- [DIRECTIONS FOR THIS TASK]:
What you should give back is a precise copy of the lines below from the one containing "Science Teacher Preparation" through the one containing "Ozzie Reviews", with no pictures.

- [TASK DATA]:
--- START ---
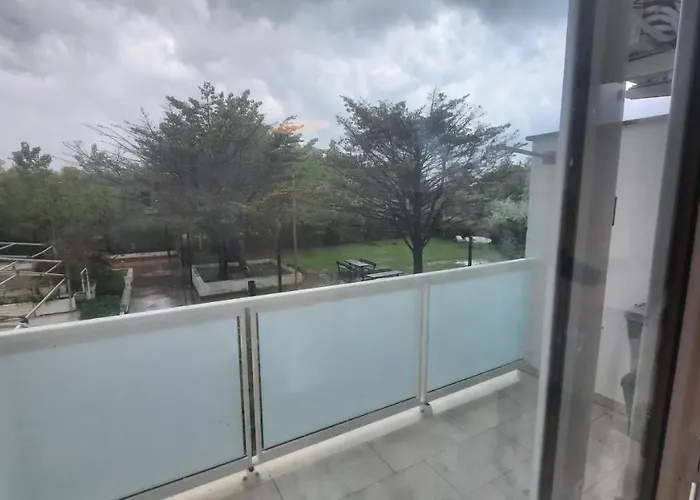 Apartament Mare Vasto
--- END ---
--- START ---
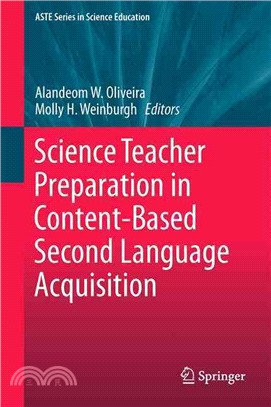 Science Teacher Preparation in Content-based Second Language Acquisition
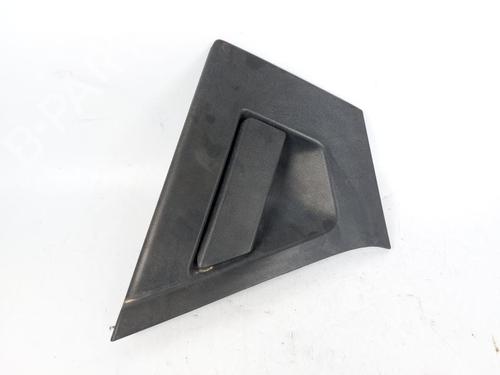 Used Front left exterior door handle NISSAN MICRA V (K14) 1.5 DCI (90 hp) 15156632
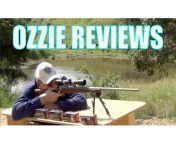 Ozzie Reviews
--- END ---
- [WRITTEN ANSWER]:
 Science Teacher Preparation in Content-based Second Language Acquisition
 Used Front left exterior door handle NISSAN MICRA V (K14) 1.5 DCI (90 hp) 15156632
 Ozzie Reviews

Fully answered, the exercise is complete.